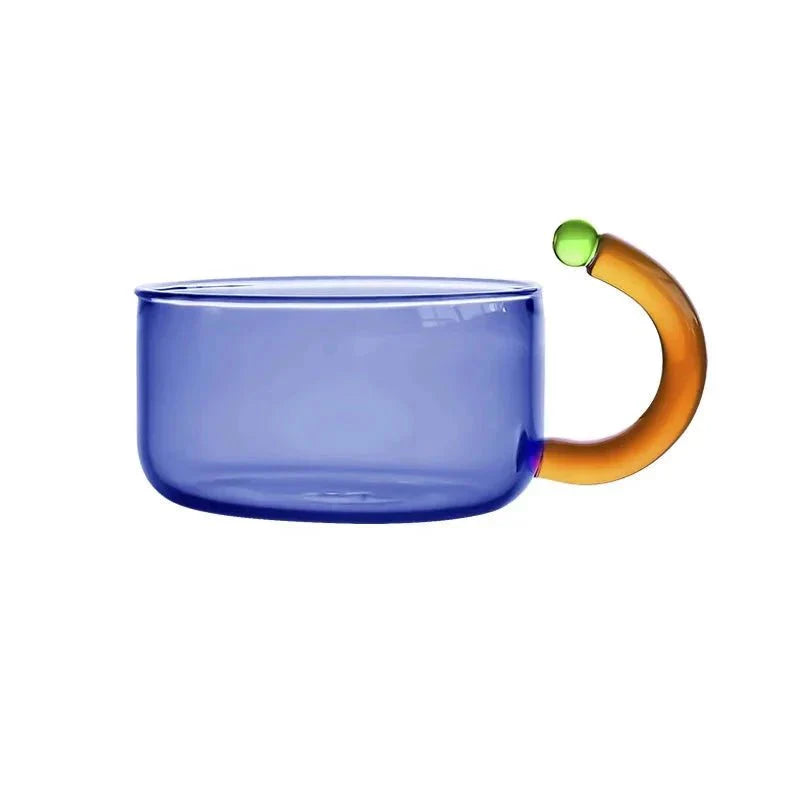 Juego de tetera y taza translúcidos de colores contrastantes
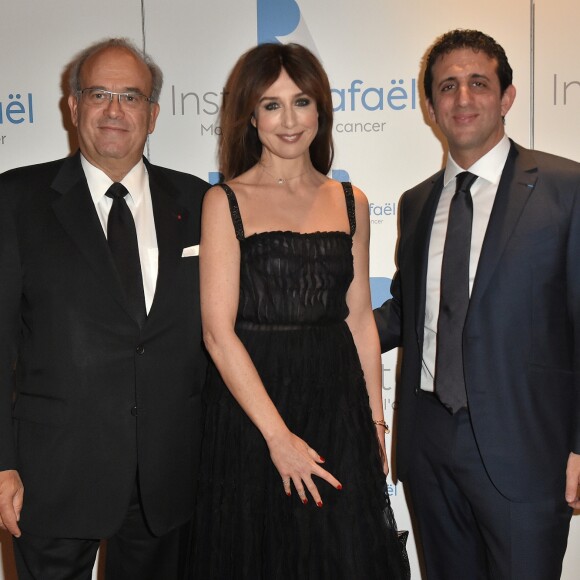 Exclusif - Le professeur cancérologue David Khayat, Elsa Zylberstein et le Président de l'Institut, Alain Toledano - Soirée de gala caritative pour le lancement du futur "Institut Rafaël" (Maison de l'après Cancer) au Pavillon d'Armenonville à Paris le 2 décembre 2017. © Erez Lichtfeld/Bestimage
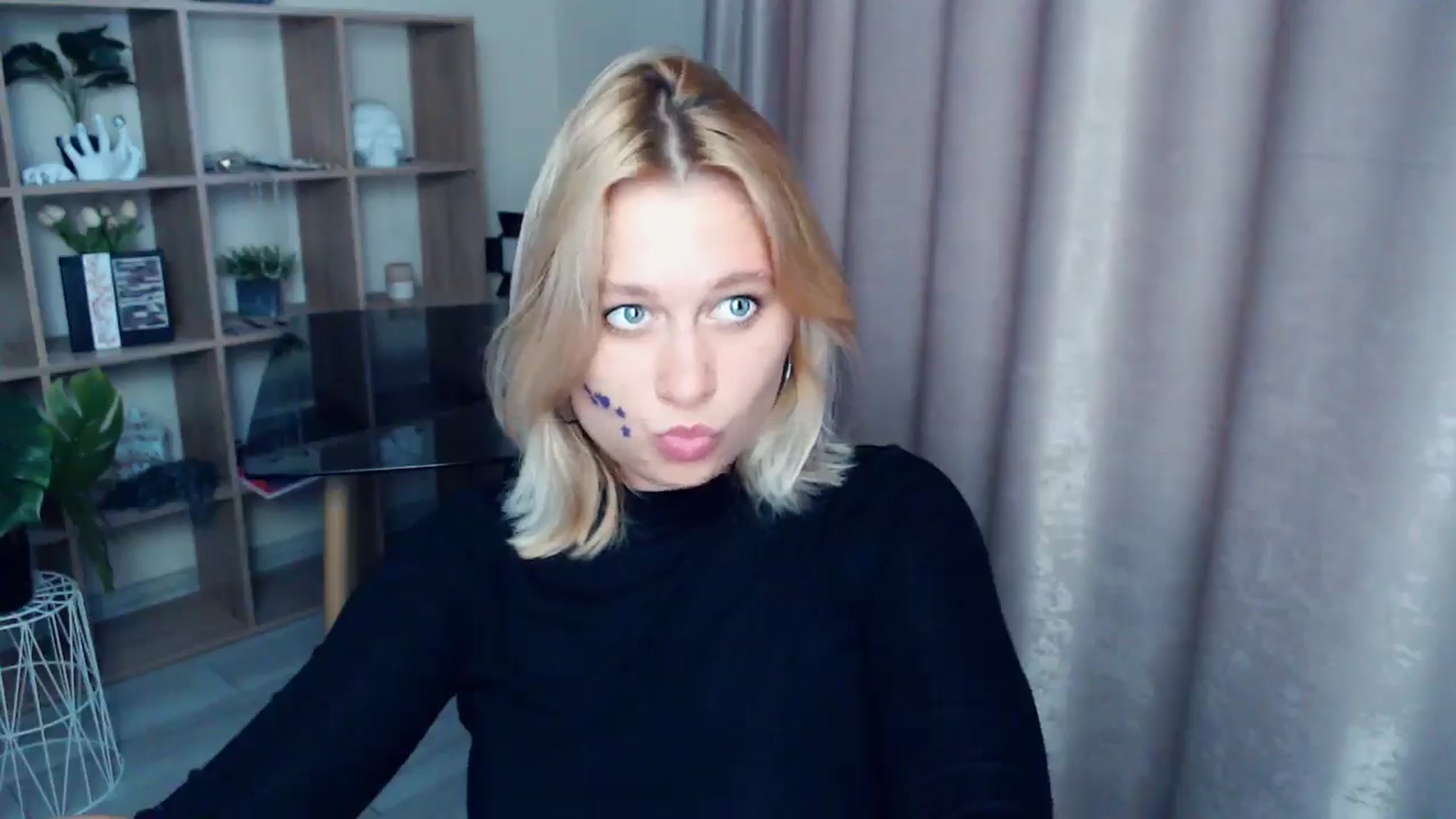 Gallery image thumbnail from Kukla_kolduna's myfreecams stream on, 07/20/2025, 17:51 image 9 of 20
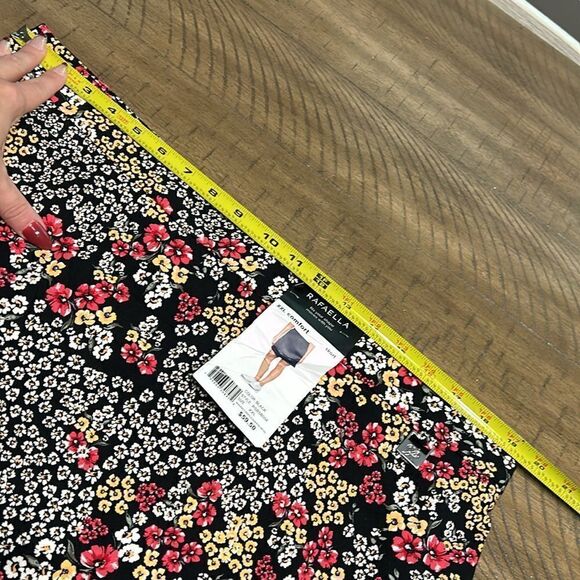 NWT Rafaella floral skirt size XXL - Picture 9 of 11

**Exercise:** All lines above are to be restated word for word, with pictures excluded.

**Exercise result:**
 Juego de tetera y taza translúcidos de colores contrastantes
 Exclusif - Le professeur cancérologue David Khayat, Elsa Zylberstein et le Président de l'Institut, Alain Toledano - Soirée de gala caritative pour le lancement du futur "Institut Rafaël" (Maison de l'après Cancer) au Pavillon d'Armenonville à Paris le 2 décembre 2017. © Erez Lichtfeld/Bestimage
 Gallery image thumbnail from Kukla_kolduna's myfreecams stream on, 07/20/2025, 17:51 image 9 of 20
 NWT Rafaella floral skirt size XXL - Picture 9 of 11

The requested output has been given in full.